I would definately go 4000. Either circle D 4C or Yank SS40000. I started out with a TCI 3500 and I immediately wanted more stall. Besides that the 23x range cams will definately match better with a 4000 stall for performance. And with the higher shift extension you'll be faster on roll races. Get the 4000 now or chances are you WILL be wishing you had later.
Good luck.
Best advice in this thread.
4000 will be a tiny bit looser at lower rpm but hit harder at WOT. I ran a Yank SS3600 with my old motor and 1st gear was useless on street tires but could dead hook on a drag radial at the track. If you are gonna track it with sticky tires go 4000 if it is a street tire only car 3600 is plenty.

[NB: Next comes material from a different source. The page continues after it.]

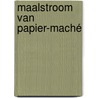 Maalstroom van Papier-maché door Jeroen Van Oort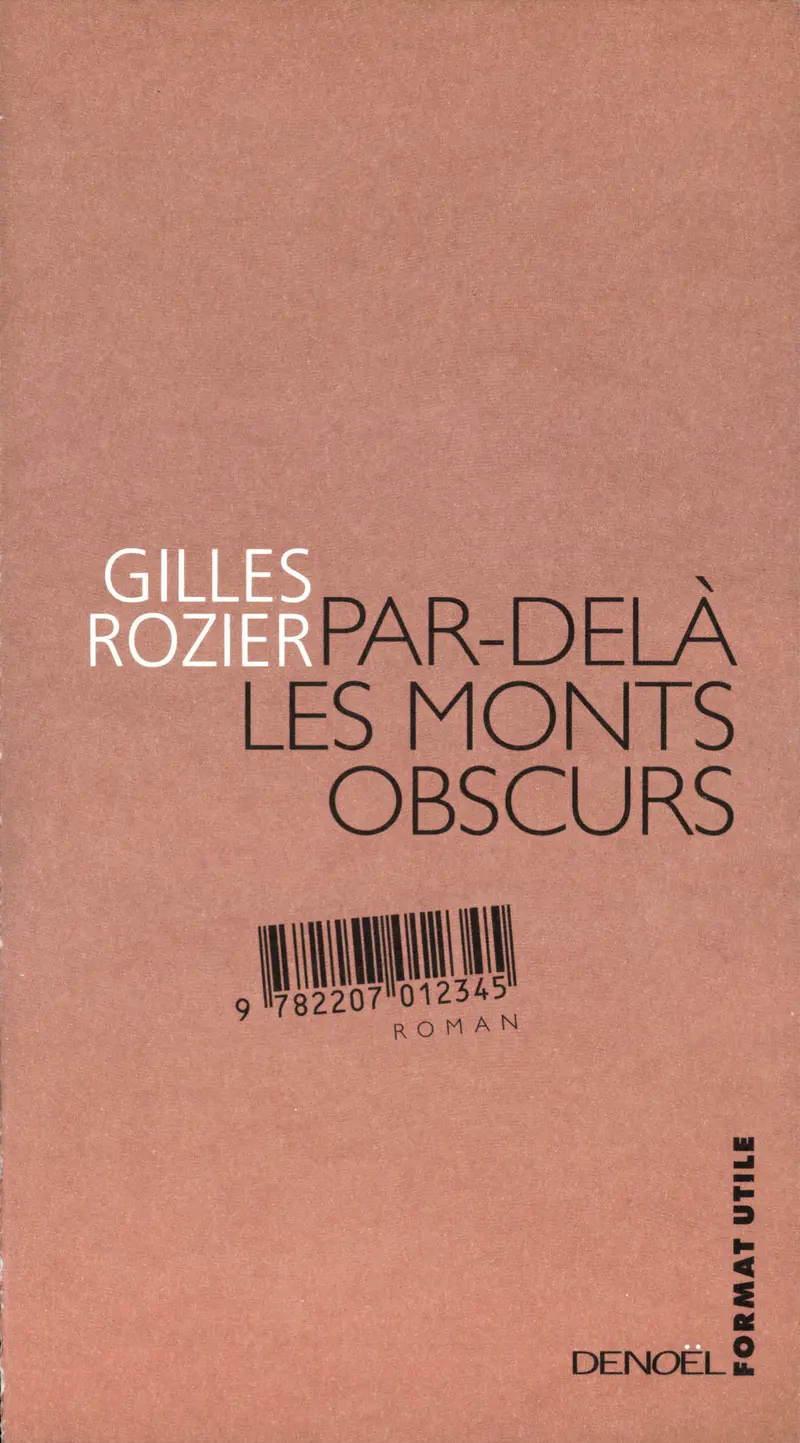 Par-delà les monts obscurs - Gilles Rozier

I keep reading how people that got a smaller cam which they have gone a lil bigger even on DD because a tune help alot and not worry because i believe its all in the tune. But I keep getting on here that i should go with the 228r or the tr230. Y? Saying i do the same set up with the 228 or the torquer v2 will the 228 be faster? http://videos.streetfire.net/video/W...ime_192199.htm

But I STRONGLY suggest you get a stall first or at the same time. The stock converter with it's low rpm stall speed and pathetic shift extension will kill the performance on any of the cams you're considering.